While I am fully aware that there is no SLA regarding pypi.org, I cannot refrain to observe few problems include:

https://pypi.org/help/#feedback — does not mention anything about who to contact, which issue tracker to use about infrastructure problems. Mainly the entire page is made in such way that the only issues tracker linked is the warehouse one, which is clearly not the right place for tracking operations, stuff specific to pypi.org deployment. I really doubt this was accidental as a lot of effort was spent into writing the about section.

Fastly is mentioned as a sponsor but nothing more than a polite way of saying “if you are not pleased with pypi.org uptime, build your own”.

For the last ~5 hours, openstack seen a huge number of bad results from fastly mirrors which affected our CI, visible on http://status.openstack.org/elastic-recheck/ – fastly does not even report any kind of issue, everything is green on their side! The same happens with status.pypi.org, which also reports everything green.

What happens is that the CDN reports 404 for packages that were published weeks ago.

After checking on irc, I was asked to raised https://github.com/pypa/warehouse/issues/8260 – which was shortly closed in a …questionable manner.

What makes is even more frustrating is the fact that build your own mirror is is suggested as a solution to the problem but there is direct refusal of providing a non CDN endpoint for those that do want to build a mirror.
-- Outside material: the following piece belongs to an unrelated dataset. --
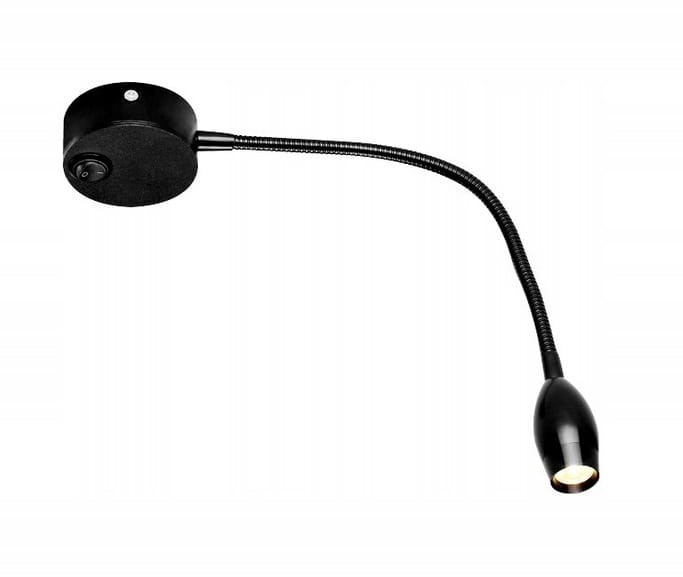 Lampa Ścienna LED 3W  Czarna z elastycznym ramieniem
As one would know, using fastly CDN as a source for building a mirror would only produce a mirror that is less reliably than fastly.

That is not necessarily true: you can use something like devpi that caches the distributions and serves stale ones if it can’t connect to the upstream server.
(I do only have personal experience with it – it’s great for train/plane trips and other places with sketchy connection.)

1 Like

All issues, including operational, can be opened on the Warehouse repository. The talk of having no SLA is to set expectations that we don’t have an on call rotation or people getting paged for downtime. Opening an issue means we’ll (hopefully) see it and take a look, but if some business process relies on having high uptime on PyPI, you’re better off taking ownership of that up time yourself.
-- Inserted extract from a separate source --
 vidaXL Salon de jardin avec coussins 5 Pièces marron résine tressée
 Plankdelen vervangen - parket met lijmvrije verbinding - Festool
That isn’t to mean we don’t care about it, but just that we don’t make any promises.

404’s don’t sound like something that would show up in a status dashboard at this time, so that makes sense. Maybe we could improve our metrics such that it would, but currently it would not.

I don’t understand what the actual issue is happening here. The launchpad that is being linked from that page is 5 years old, and suggests random networking issues, but you’re saying it’s 404 errors? The Kibana URL suggests the problem might lie with oslo.log, but I just checked all 15 pages of CDN nodes, and they all have the same 200 response cached for https://pypi.org/simple/oslo-log/.

If there’s some issue here, I suggest opening an issue with reproduction steps that don’t involve going through openstack’s infra if at all possible.

As we said, we can’t afford or manage to operate a public endpoint that isn’t behind a CDN, it would scale our operations significantly. The handful of endpoints we have that can somewhat bypass the CDN are regularly problems for us, and they’re not nearly as popular as the repository API.

1 Like

Thanks for the quick answer on this. I am still trying to get more info from opendev infra folks as I do not have direct access to the proxies used to read the logs.

Debugging these kind of issues is real PITA as usually everything works fine when you try locally but for some specific geographies you endup with errors, the kind of errors where the index has packages which are not available to download.

Regarding the ticket being old, that is because that is a tracking ticket. There is regex that matches failures and links them to this bug, so it should not be taken as a regular one-off bug. As you can guess, the CDN is not the only thing that can produce this category of failures (it always needs a human to look at it).

Obviously a small number of errors is expected, as some people may put wrong dependencies but a spike like this is clearly some kind of infra issue.

That sounds fine, basically once you have some kind of URL on PyPI that is not giving the result you expect, then opening an issue with that is the best path forward.